TASK DIRECTIONS: Under this line sits a listing. Repeat exactly and only its lines from the one holding "PENDLETON Vest Vintage" through the one holding "Doctor Recommend Thermal"; skip pictures.

DATA RECORDS:
______________________________

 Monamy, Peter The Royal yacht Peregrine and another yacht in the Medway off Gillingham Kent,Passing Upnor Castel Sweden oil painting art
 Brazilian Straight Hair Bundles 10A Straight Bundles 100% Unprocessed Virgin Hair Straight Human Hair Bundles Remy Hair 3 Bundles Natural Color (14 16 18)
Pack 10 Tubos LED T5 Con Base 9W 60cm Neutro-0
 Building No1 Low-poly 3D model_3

______________________________

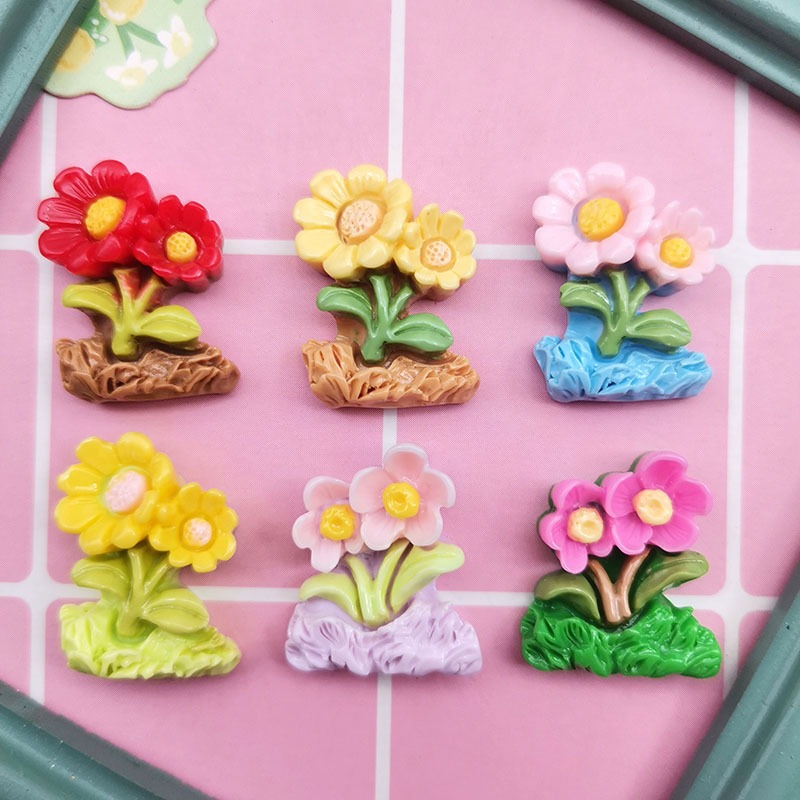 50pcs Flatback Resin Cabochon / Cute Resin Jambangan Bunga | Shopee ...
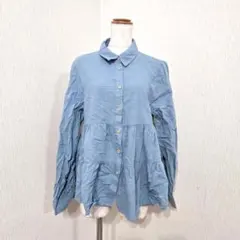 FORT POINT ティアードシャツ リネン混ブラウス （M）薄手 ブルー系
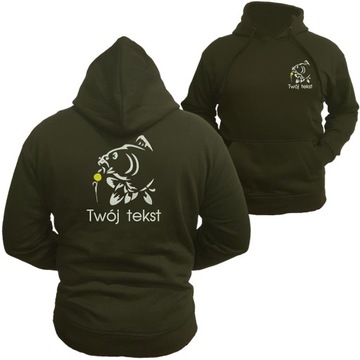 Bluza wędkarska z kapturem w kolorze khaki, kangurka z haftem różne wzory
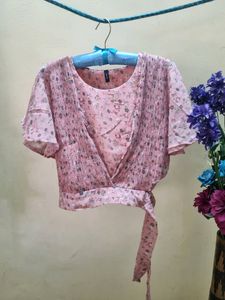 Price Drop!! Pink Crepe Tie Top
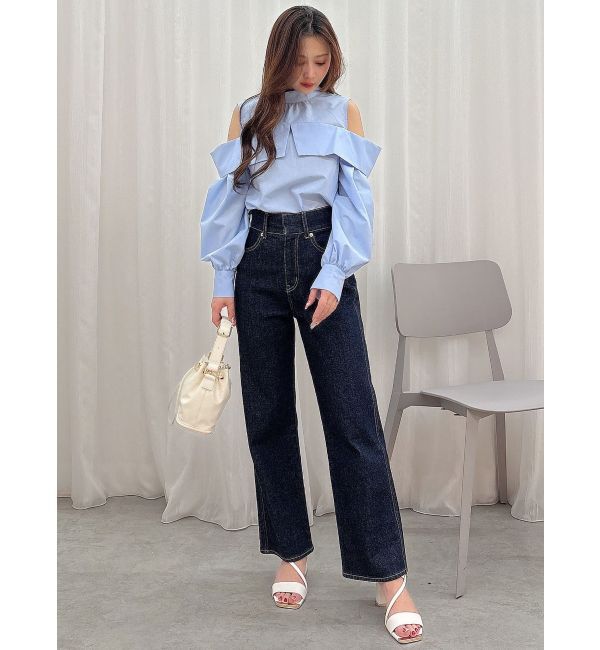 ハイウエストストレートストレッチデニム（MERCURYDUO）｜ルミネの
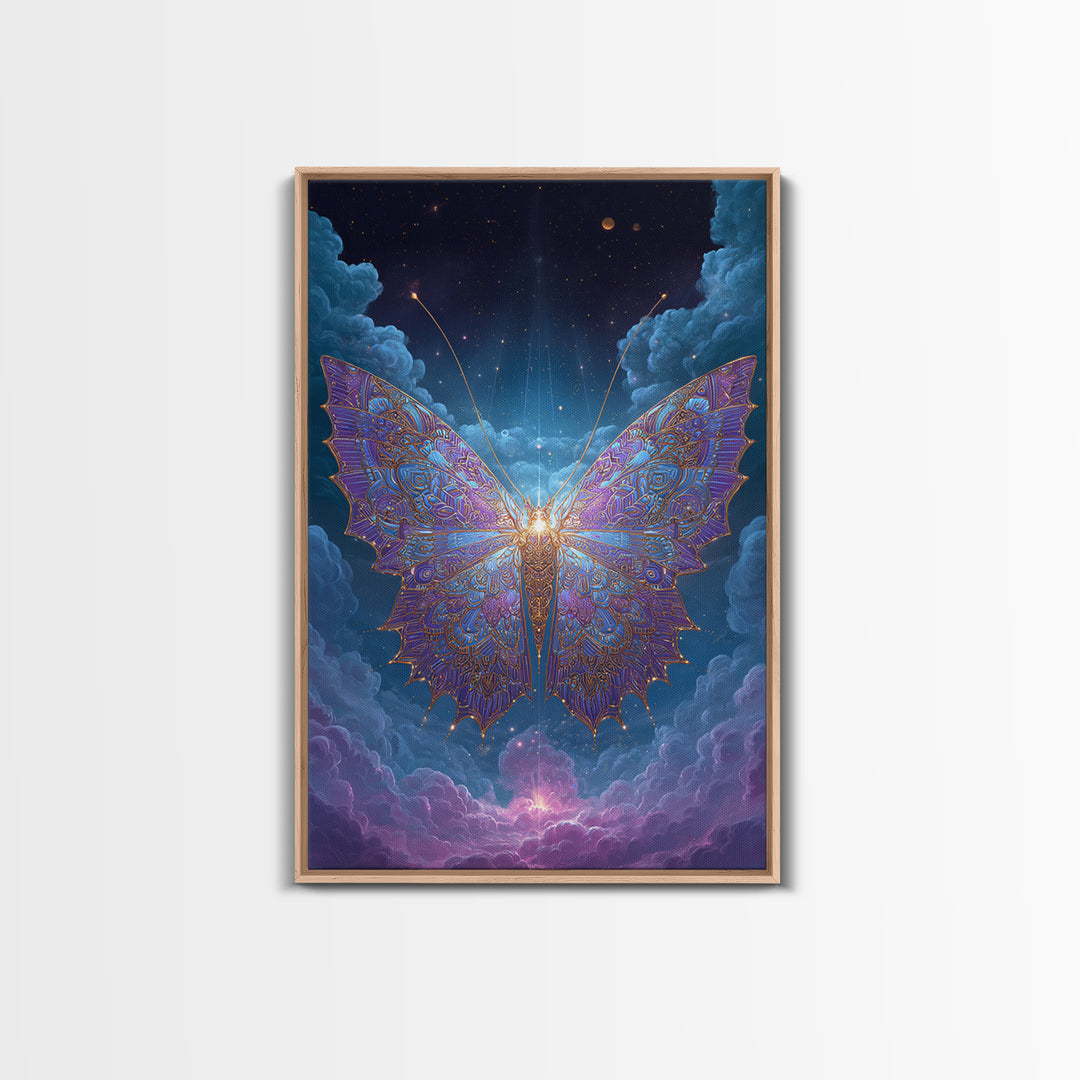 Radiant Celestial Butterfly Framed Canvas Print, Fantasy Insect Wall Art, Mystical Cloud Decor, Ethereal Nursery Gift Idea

______________________________

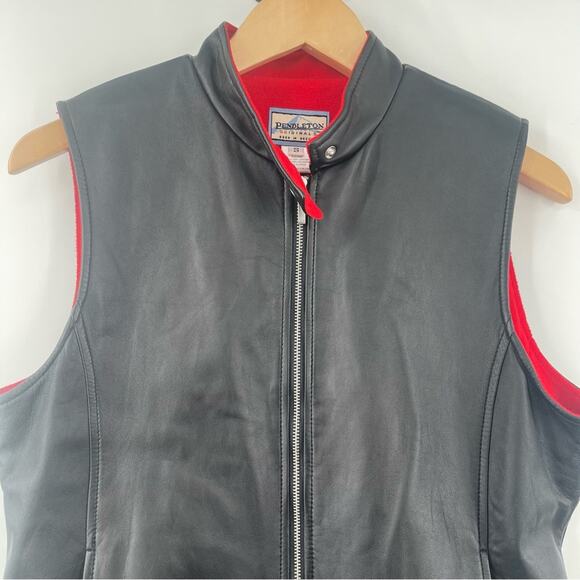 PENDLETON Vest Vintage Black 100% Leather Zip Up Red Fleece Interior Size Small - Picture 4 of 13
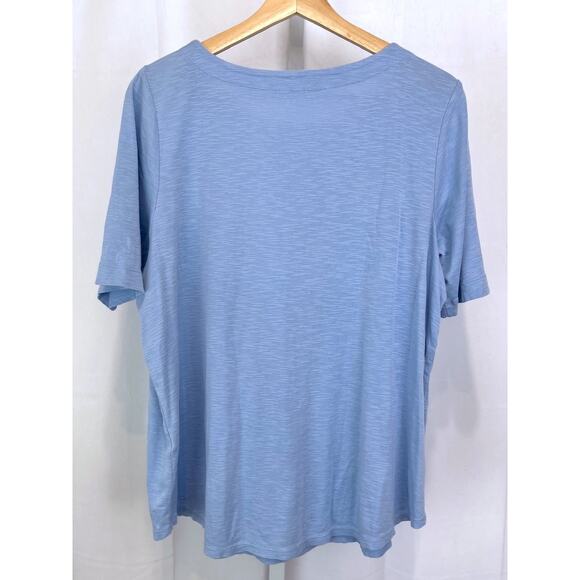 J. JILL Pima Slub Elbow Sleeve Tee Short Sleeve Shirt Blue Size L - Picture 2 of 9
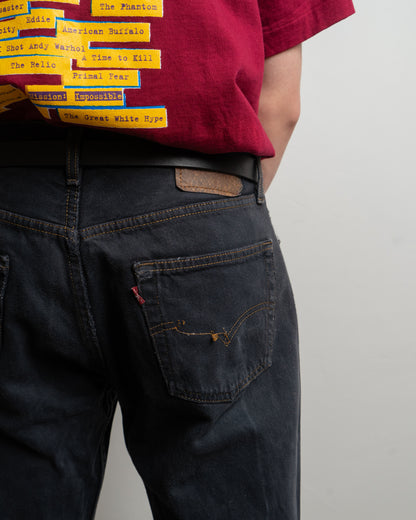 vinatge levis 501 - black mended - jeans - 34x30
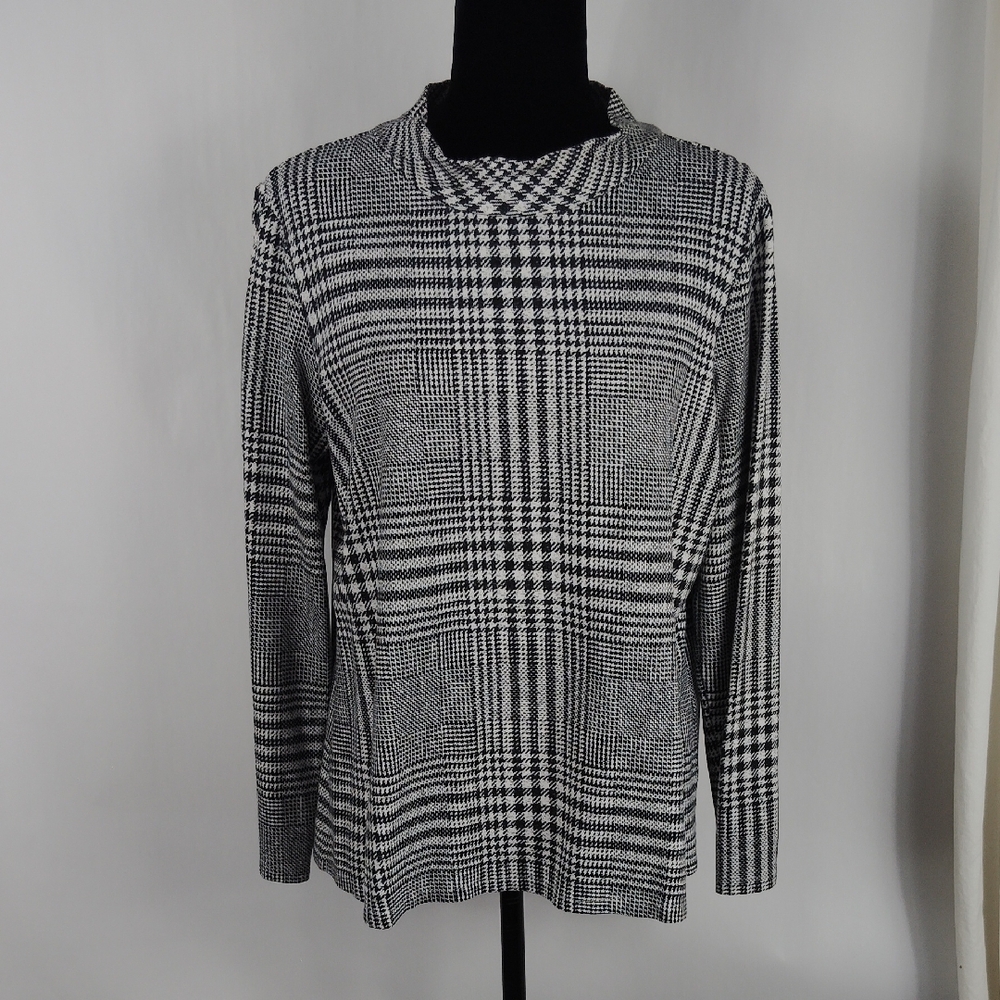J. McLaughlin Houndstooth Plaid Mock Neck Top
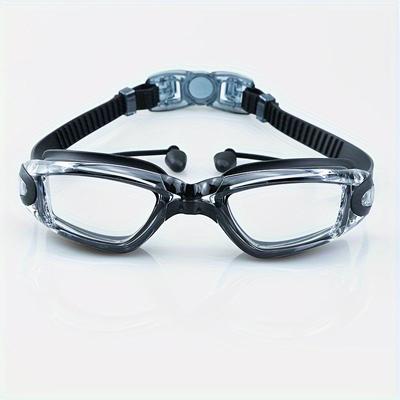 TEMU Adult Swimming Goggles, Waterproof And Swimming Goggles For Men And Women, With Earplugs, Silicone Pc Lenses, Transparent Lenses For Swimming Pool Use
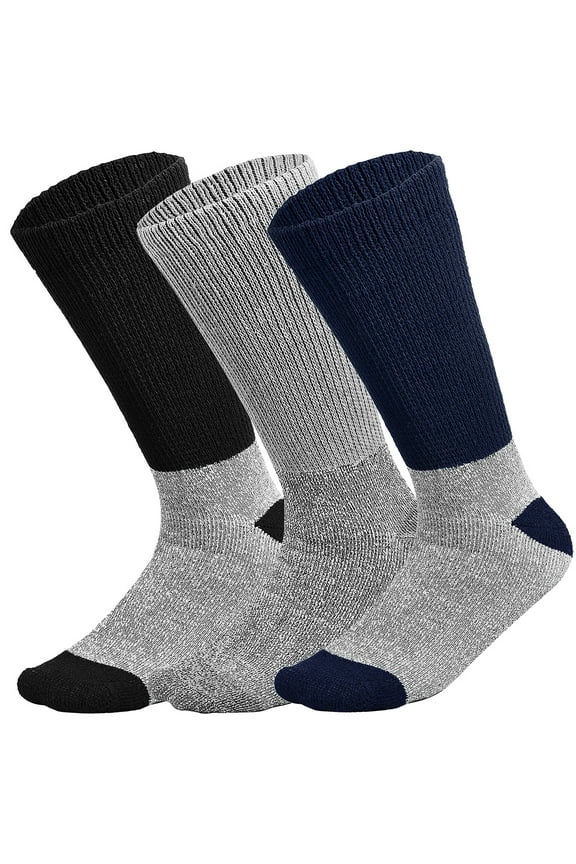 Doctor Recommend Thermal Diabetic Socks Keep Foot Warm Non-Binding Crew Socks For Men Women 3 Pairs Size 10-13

______________________________

SOLUTION TO THIS PROBLEM:
 PENDLETON Vest Vintage Black 100% Leather Zip Up Red Fleece Interior Size Small - Picture 4 of 13
 J. JILL Pima Slub Elbow Sleeve Tee Short Sleeve Shirt Blue Size L - Picture 2 of 9
 vinatge levis 501 - black mended - jeans - 34x30
J. McLaughlin Houndstooth Plaid Mock Neck Top
 TEMU Adult Swimming Goggles, Waterproof And Swimming Goggles For Men And Women, With Earplugs, Silicone Pc Lenses, Transparent Lenses For Swimming Pool Use
 Doctor Recommend Thermal Diabetic Socks Keep Foot Warm Non-Binding Crew Socks For Men Women 3 Pairs Size 10-13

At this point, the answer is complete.